In Ohio, JD Vance sounded like a crazy right-winger going on about "The Wall" in Internet ads. Now it is crazy right-winger verses flat-gun gun supporting moderate Tim Ryan, who needed to get support between the Rust Belt and Akron to have a career, so that isn't very left-wing territory. Again, polling is too tight and Ryan is well below 50%. Ryan is the perfect Democrat candidate for Ohio. If he can't win, the state has become red.

I think the problem with Mehmet Oz is he doesn't engage any voter base except old people that watch crap like his show. In hindsight, he doesn't appear to excite conservatives, alt-righters, moderates, liberals. He won the primary, but when the general election comes, the only reason to vote for him is because he isn't a Democrat, but he isn't a Trumper or notable Republican either. Polling here clearly shows Oz is in trouble. Fetterman, again, is below 50%, but Oz is below 40%... on average.
 
In Arizona, the right-wing base has gone full blown authoritarian, well, at least the plurality of it has. And a plurality is all authoritarianism needs at a point.

Kari "All I have done is say 2020 was a Stolen Election" Lake is now leading Robson 11.3k votes, but that is 81% reporting.
Rusty Bowers, who wouldn't say Trump had election stolen from him... forget certify as such lost.
Blake Masters, another Election denier and Trump backed candidate won the GOP Primary to face American Hero Mark Kelly.
Mark Finchem, another Election denier won the GOP Primary for the Sec of State position, which puts him one election victory away from being able to adjust results as necessary.
 
Dee Snider is ripping Arizona GOP gubernatorial candidate Kari Lake as a “fascist moron” for quoting a Twisted Sister song and reportedly playing it at her rallies.

A Twitter account describing itself as Lake’s official campaign tweeted out the lyrics to the band’s 1984 hit “We’re Not Gonna Take It” this week.

But the 67-year-old Snider quickly condemned Lake’s campaign for borrowing his tune.

“Hey idiots! Read the 1st line: ‘We’ve got the right to choose!’ This is a PRO-CHOICE anthem you or co-opting. It was NEVER intended for you fascist morons!” Snider wrote to his more than 300,000 Twitter followers.

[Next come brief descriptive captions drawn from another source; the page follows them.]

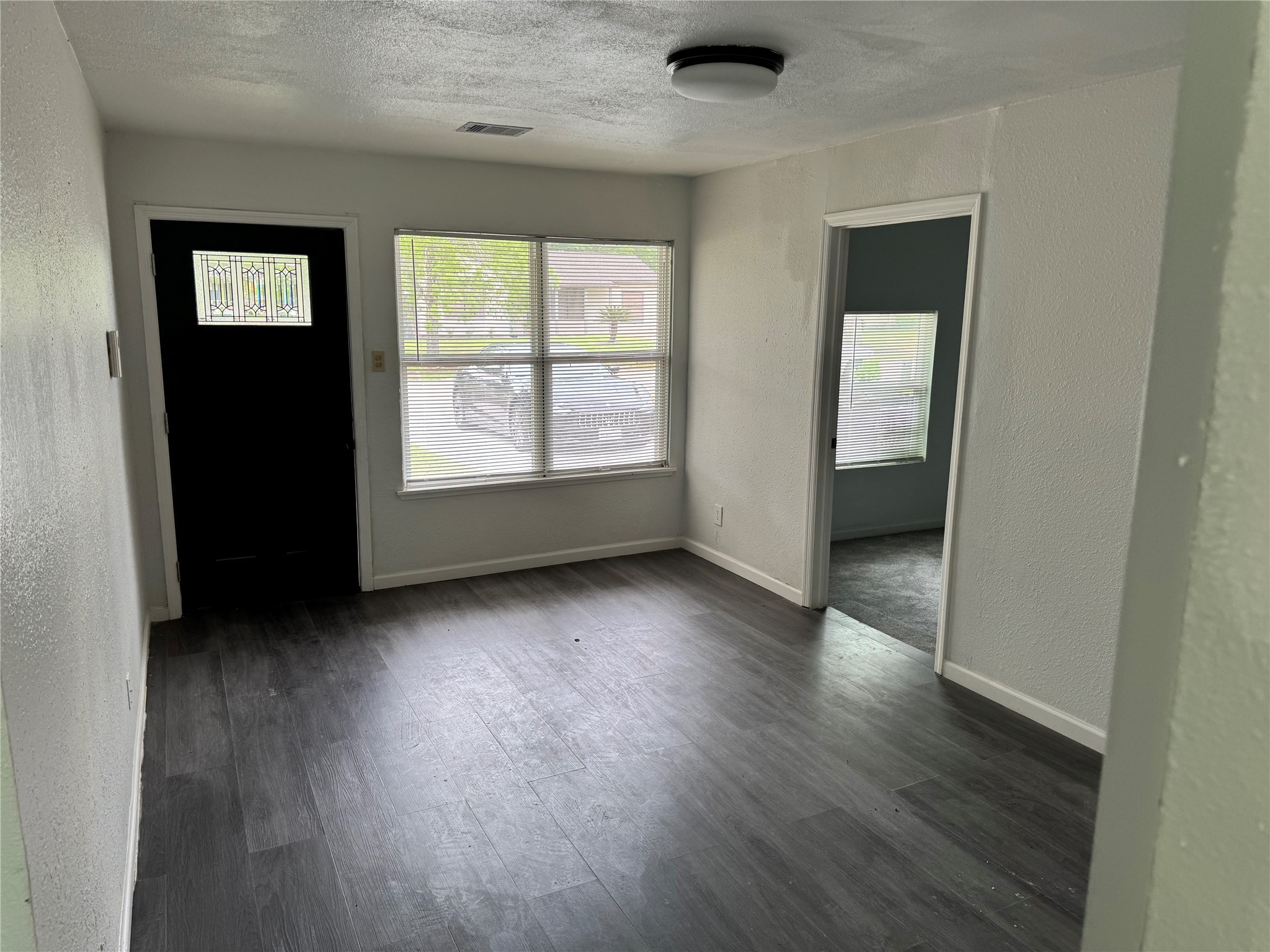 4215 Botany Lane Houston, TX 77047 - Photo 5 of 23 an empty room with wooden floor and windows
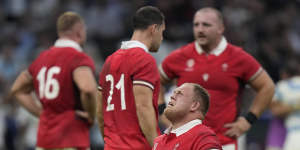 Wales players react after losing the Rugby World Cup quarterfinal match against Argentina.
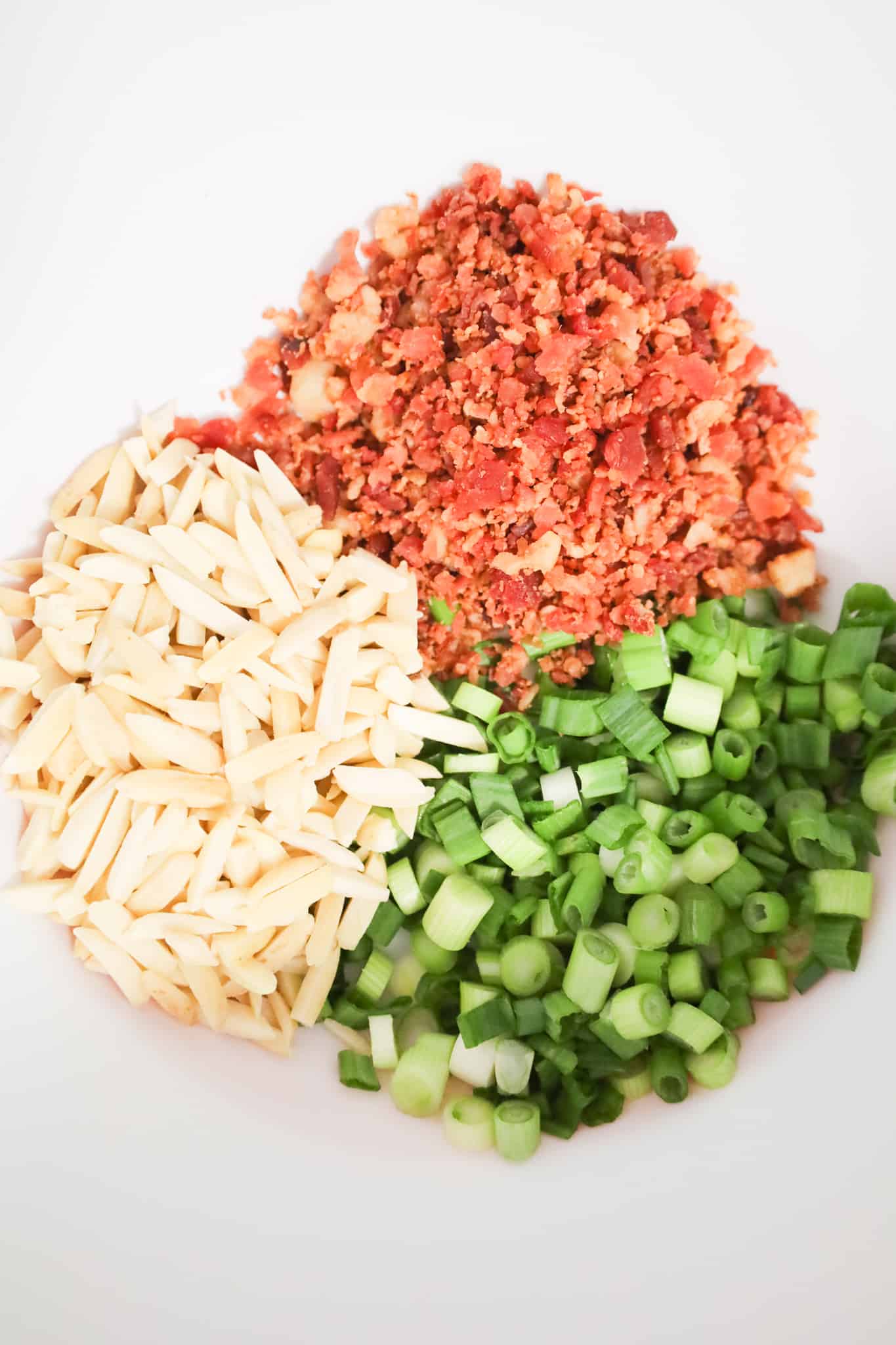 slivered almonds, chopped green onions and crumbled bacon in a mixing bowl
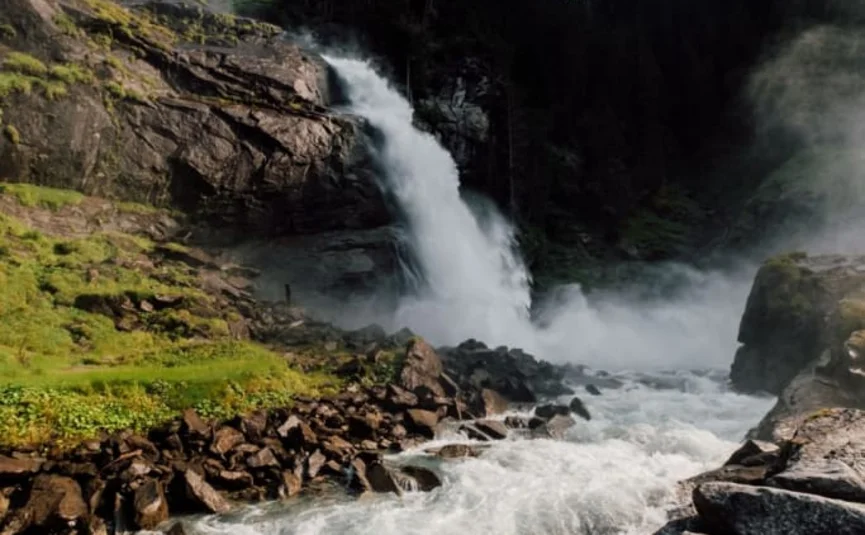 Cascata in paesaggio montano boscoso con acqua corrente e rocce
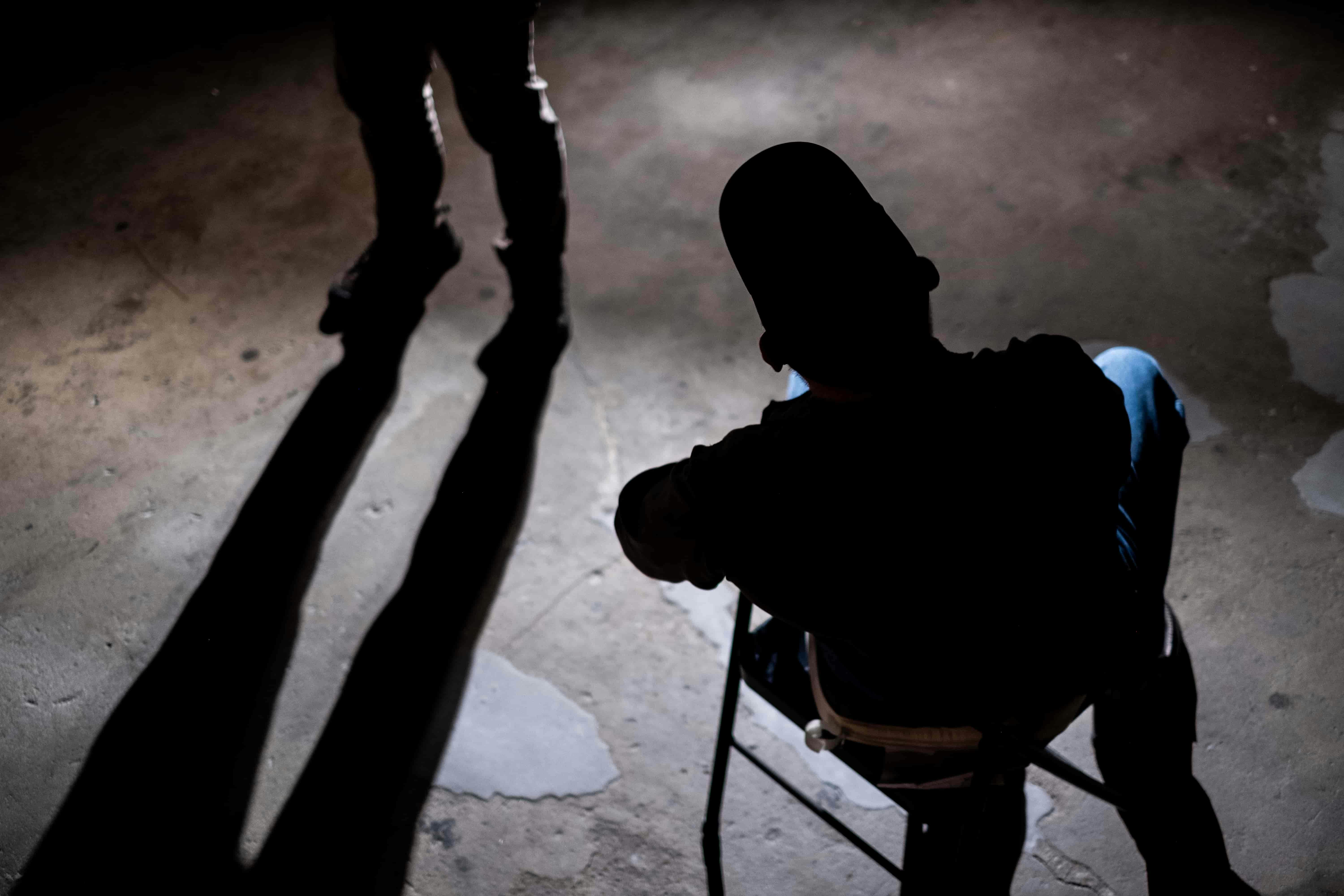 Dark figure of man sat on chair with legs of someone stood next to him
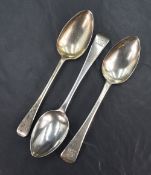 A pair of George III silver Old English spoons, old along with a single silver George III spoon of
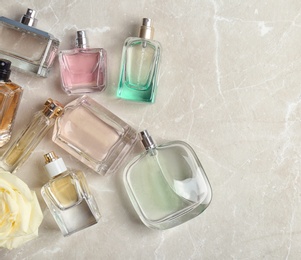 Photo of Perfume bottles on light background, flat lay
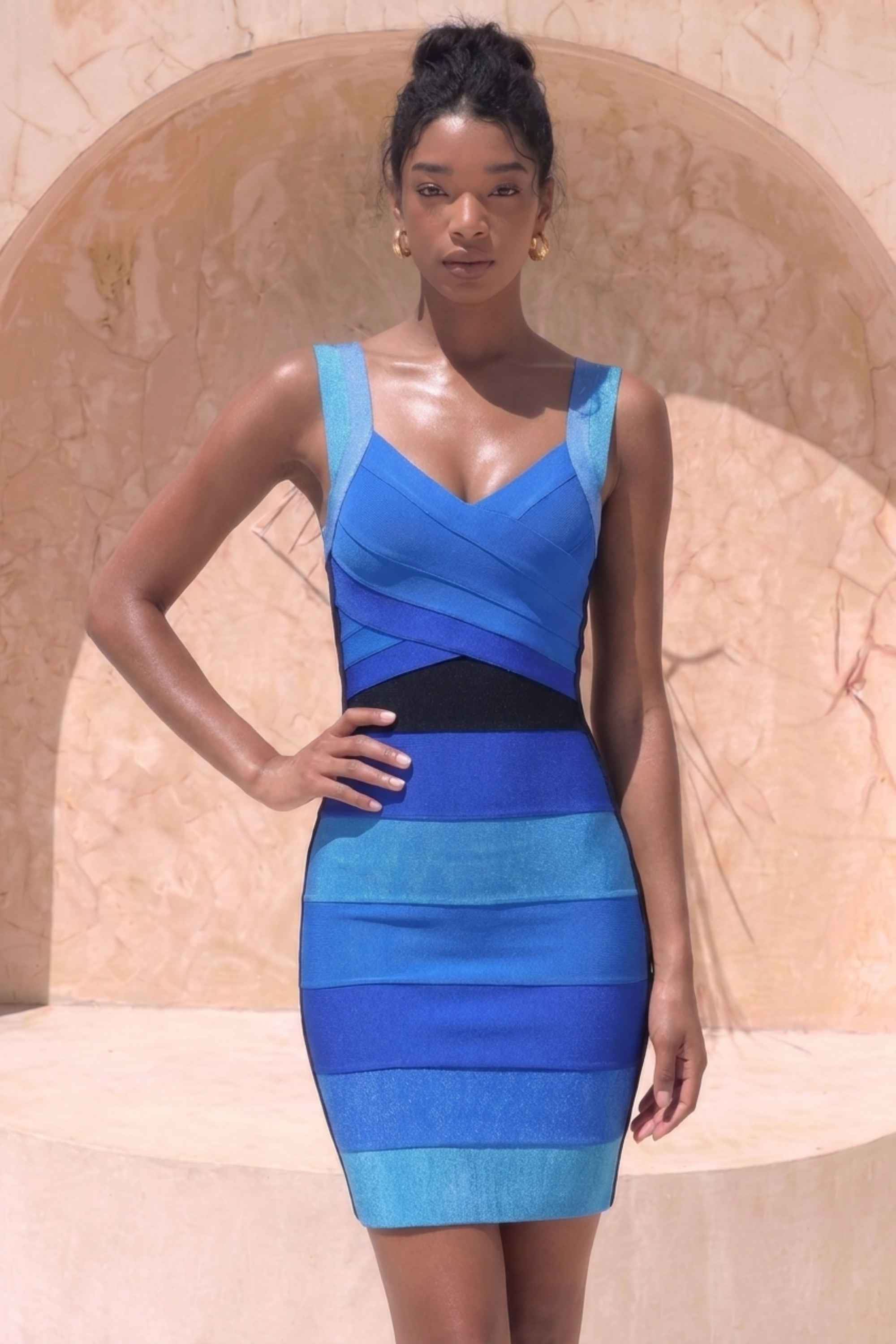 Woman wearing a figure flattering  Portia Bandage Mini Dress - Royal Blue BODYCON COLLECTION Pty Ltd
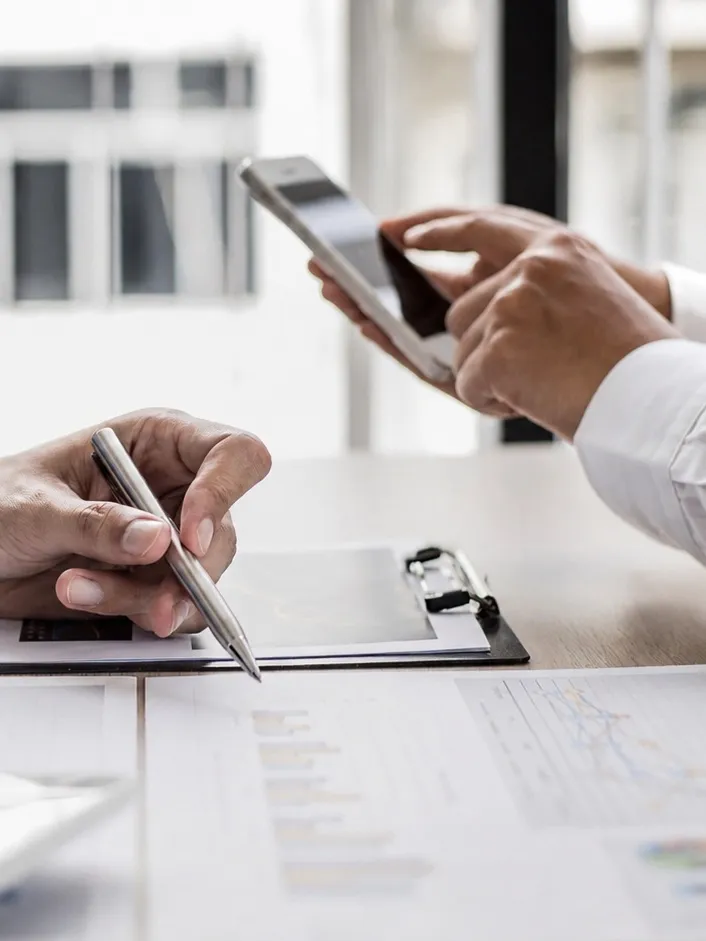 Relevés et pièces d'un dossier repris un à un, stylo en main, un téléphone consulté à côté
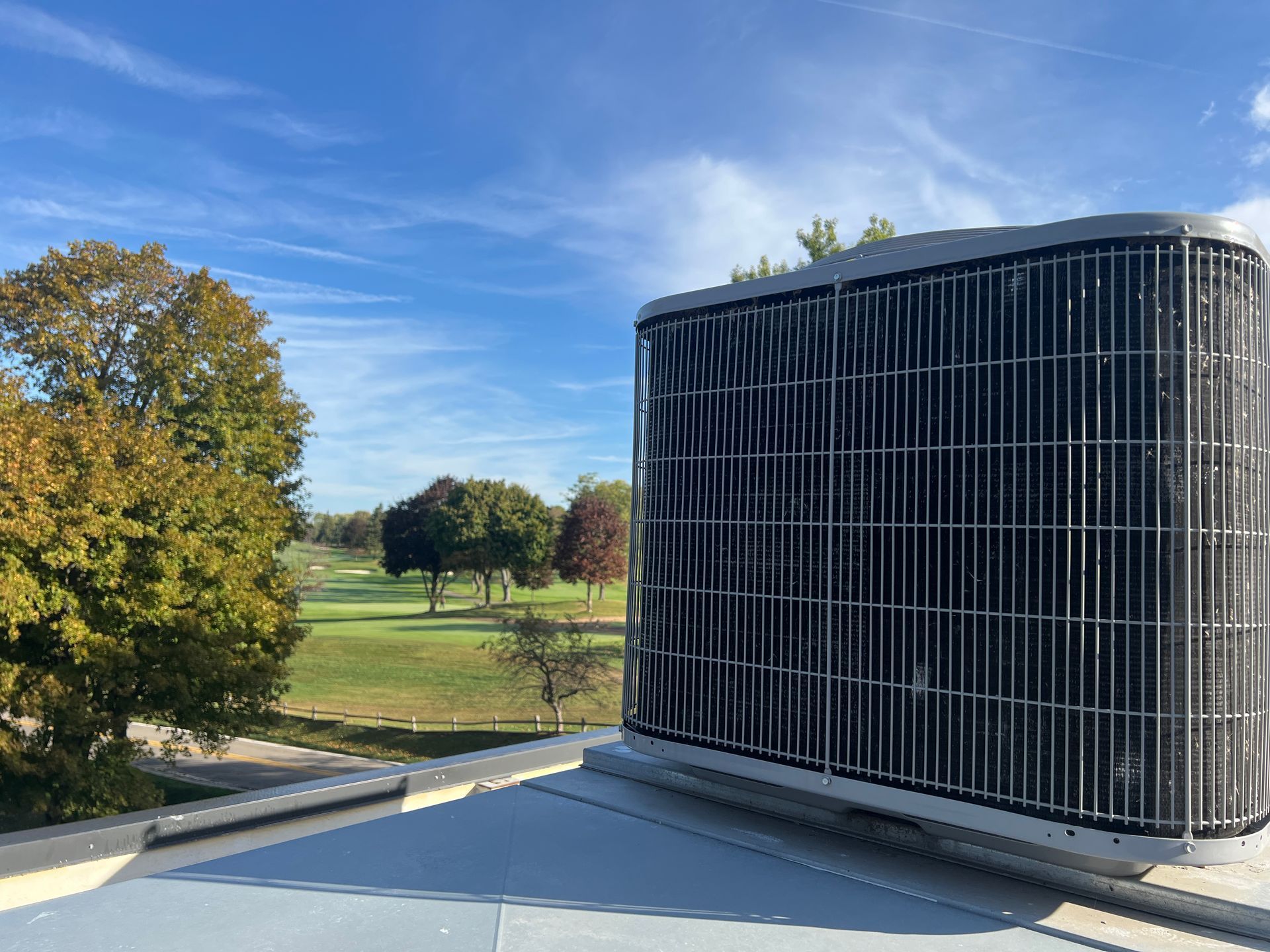 Large outdoor HVAC unit beside a parking lot with a grassy park and trees in the background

“As the songwriter and singer I DENOUNCE EVERYTHING [Lake] STANDS FOR!” Snider wrote.

“Write your own damn song!” he said.
 

Dick Cheney torches Trump in ad: 'He's a coward'​

In a new campaign ad for his daughter Rep. Liz Cheney, former Vice President Dick Cheney does not mince words about former President Donald Trump, calling him a "coward" and a "threat to our republic."
“In our nation’s 246-year history, there has never been an individual who is a greater threat to our republic than Donald Trump," Cheney, wearing a cowboy hat and looking directly into the camera, says in the ad. "He tried to steal the last election using lies and violence to keep himself in power after the voters had rejected him. He is a coward. A real man wouldn't lie to his supporters."
 
4 people died including the person driving the other car. Her vehicle crossed the median, doubt she was driving.

All things said, she sounded like a decent person... who also voted to up end the election in 2020.